Caption-style text data

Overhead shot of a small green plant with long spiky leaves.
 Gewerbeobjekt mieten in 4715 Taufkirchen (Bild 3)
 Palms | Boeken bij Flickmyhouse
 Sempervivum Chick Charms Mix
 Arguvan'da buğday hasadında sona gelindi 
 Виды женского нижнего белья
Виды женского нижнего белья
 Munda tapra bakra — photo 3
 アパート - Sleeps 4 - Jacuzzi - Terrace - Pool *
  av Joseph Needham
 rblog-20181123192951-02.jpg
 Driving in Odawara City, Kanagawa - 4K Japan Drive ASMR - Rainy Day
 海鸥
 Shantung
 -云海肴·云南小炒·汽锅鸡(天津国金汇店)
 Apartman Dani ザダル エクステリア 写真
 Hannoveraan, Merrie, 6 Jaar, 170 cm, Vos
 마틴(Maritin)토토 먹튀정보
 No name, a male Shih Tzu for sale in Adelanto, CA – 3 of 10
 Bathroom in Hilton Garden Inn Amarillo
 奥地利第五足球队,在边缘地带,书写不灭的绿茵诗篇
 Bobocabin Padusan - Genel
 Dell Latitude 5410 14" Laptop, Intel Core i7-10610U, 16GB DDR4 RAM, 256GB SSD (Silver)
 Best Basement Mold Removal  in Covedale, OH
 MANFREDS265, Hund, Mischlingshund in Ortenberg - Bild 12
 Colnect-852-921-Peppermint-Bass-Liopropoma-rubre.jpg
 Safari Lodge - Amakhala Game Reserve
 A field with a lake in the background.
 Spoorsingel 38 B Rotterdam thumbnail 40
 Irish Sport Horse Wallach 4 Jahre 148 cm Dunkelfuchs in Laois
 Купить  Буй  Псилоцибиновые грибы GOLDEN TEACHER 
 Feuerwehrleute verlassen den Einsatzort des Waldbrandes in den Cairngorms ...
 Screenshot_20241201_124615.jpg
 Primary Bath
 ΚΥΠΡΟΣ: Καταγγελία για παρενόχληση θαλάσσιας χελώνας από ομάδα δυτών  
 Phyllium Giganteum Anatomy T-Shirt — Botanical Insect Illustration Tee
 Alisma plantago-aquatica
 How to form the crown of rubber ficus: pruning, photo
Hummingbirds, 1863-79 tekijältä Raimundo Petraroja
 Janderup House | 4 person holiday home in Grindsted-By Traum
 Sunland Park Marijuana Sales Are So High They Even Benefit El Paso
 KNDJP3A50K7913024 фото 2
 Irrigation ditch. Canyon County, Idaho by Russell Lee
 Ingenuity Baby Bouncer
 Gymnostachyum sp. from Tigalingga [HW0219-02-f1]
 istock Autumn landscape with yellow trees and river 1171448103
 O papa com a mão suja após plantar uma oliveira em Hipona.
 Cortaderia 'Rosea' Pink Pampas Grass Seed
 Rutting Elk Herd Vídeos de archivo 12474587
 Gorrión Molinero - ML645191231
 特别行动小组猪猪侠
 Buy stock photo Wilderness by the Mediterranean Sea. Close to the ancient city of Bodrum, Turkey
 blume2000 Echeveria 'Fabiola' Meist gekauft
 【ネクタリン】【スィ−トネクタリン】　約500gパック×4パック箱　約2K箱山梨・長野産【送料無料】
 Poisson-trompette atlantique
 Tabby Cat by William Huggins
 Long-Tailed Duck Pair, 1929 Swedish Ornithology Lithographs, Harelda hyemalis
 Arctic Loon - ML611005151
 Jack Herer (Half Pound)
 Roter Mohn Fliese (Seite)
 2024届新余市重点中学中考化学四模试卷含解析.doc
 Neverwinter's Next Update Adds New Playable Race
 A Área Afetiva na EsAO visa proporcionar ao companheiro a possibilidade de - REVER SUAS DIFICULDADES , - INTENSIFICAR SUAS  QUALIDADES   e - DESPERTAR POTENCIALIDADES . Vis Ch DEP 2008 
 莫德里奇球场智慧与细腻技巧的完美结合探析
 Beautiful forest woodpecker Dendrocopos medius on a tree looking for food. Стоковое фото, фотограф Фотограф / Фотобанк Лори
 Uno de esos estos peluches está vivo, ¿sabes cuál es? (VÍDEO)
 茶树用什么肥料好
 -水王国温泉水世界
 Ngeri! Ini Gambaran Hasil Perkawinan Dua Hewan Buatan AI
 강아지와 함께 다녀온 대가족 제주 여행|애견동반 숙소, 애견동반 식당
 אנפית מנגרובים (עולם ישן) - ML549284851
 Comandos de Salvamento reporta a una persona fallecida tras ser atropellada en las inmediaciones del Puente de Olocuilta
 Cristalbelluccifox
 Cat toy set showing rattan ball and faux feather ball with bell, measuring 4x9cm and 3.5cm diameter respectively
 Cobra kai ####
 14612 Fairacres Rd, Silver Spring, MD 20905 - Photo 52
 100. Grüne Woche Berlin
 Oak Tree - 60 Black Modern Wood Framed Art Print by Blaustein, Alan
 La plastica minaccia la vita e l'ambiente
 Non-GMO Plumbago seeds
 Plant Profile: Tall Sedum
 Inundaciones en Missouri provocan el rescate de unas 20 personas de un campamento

# Work to complete:
Looking at the entries above, determine how many lines contain the word "белья" and state only that number.

# Answer for the task:
2